For better or worse, there are still many people working on crypto and in the blockchain space. They are probably much more likely than the average developer to have crypto wallets to steal. It sounds like the author is one of those people. The attacker picked the victim carefully.

That said, this attack could be retargeted to other kinds of engineers just by changing the linkedin and website text. I will be more paranoid in the future just knowing about it.

> I'm seeing red flags all over the story. "Blockchain" being the first one.

Agreed. That would have forced me to abort the proceedings immediately.
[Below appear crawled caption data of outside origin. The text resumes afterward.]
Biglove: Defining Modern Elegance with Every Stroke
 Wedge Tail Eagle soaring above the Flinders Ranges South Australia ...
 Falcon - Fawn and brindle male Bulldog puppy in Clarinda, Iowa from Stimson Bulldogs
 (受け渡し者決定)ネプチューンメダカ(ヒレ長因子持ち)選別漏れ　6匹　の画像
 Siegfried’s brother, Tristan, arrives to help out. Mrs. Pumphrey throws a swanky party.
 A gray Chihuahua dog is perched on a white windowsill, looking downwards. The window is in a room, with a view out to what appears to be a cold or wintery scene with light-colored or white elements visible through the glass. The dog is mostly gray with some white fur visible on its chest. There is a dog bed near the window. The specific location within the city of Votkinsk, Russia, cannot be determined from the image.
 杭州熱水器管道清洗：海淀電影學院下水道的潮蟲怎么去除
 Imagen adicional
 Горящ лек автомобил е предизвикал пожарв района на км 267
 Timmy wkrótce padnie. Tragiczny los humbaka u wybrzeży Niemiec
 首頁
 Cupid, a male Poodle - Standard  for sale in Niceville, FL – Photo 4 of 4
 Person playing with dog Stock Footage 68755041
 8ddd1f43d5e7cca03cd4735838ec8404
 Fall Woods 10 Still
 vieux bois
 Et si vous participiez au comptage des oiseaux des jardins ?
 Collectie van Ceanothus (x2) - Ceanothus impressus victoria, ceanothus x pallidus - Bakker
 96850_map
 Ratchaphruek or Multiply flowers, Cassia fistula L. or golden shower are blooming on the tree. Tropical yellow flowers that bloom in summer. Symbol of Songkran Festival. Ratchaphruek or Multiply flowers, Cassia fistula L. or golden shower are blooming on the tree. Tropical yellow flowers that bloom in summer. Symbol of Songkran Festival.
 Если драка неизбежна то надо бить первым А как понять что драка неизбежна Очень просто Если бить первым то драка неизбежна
During the height of blockchain, there were plenty of good, legitimate jobs. The things they were building were some combination of inane, criminal, or stupid, but the jobs themselves were often quite real. I knew more than one person being paid $300k+/yr building something completely stupid like a collectible pet dragon breeding simulator because a VC thought it had a decent chance of being the next monkey coin or something. Sure, you had to get a new job every six months as each VC ran out of money, and sure you were making the world a worse place, but hey, it's a living.

> Then asking you to run code before a meeting? No, that doesn't "save time", that is driving you to take actions when you don't yet know who is asking.

Great point, thanks for sharing!

A "legitimate" blockchain company wants me to run their mystery code on my PC for a job. Yeah. Full stop right there. Klaxon alarm sounding incoming attack.

I've noticed that I'm commenting a lot lately on the naivety of the average HN poster/reader.